What is the goal of climate research if not to figure out how to set policy for how people act in ways that affect the greenhouse effect?

In the United States, we are not lowering our emissions overall. We’re increasing them. What research scientists are doing, it’s not resulting in leading people.

On the contrary, if you believe that the science behind global warming is conclusive enough to act and we aren’t acting, then scientists aren’t leading. On the contrary, if they could influence others and they aren’t because they’re doing research on something already conclusive, then the people motivating them to keep doing that research are leading them.

Who is actually leading

The people influencing scientists to keep researching to establish results that are already conclusive are the Koch brothers and their peers, including Donald Trump.

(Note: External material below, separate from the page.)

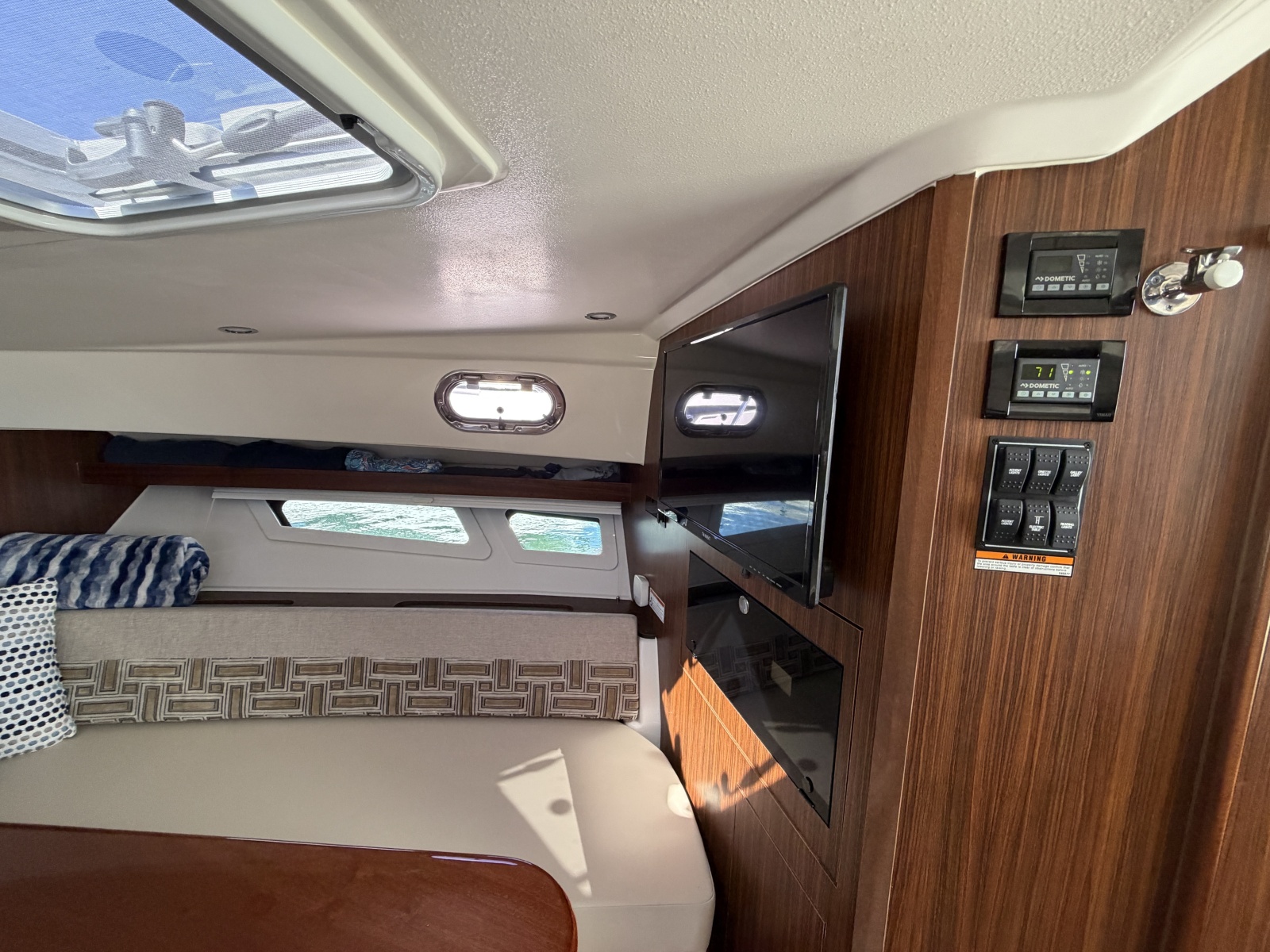 2023 Pursuit OS 355 Offshore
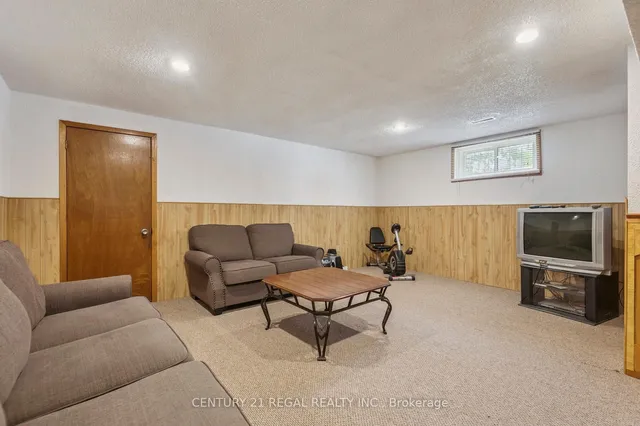 Additional image 25 of 152 Weir Cres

By influencing scientists to produce data to convince them of something they’ll never be convinced of, they are leading the scientific community, not the other way around.

You can tell who is leading whom by the emissions. Scientists aren’t leading. They’re following others on a wild goose chase.

Why point out who is leading?

My point isn’t to put anyone down, but to show what’s happening so people who believe global warming is a problem we can and should fix can solve the problems at hand, not the problems we think are there. In particular, convincing people who will never be convinced of something is a waste of time. The problem isn’t that we don’t have enough data.

The problem is that people looking to protect the environment aren’t considering the emotions and motivations of the people they want to influence.

People who find the evidence that we are warming the globe and risking damaging human culture and population compelling aren’t thinking of how to lead. I’ll err on the side of speaking too bluntly, but roughly speaking, they’re venting, arguing, and telling people what to do more than leading.

Either scientists should learn leadership skills if they want to use they information they know best to lead others or we should look to people who are skilled in leadership to lead.

Realizing who was leading motivated me to create my Leadership and the Environment podcast.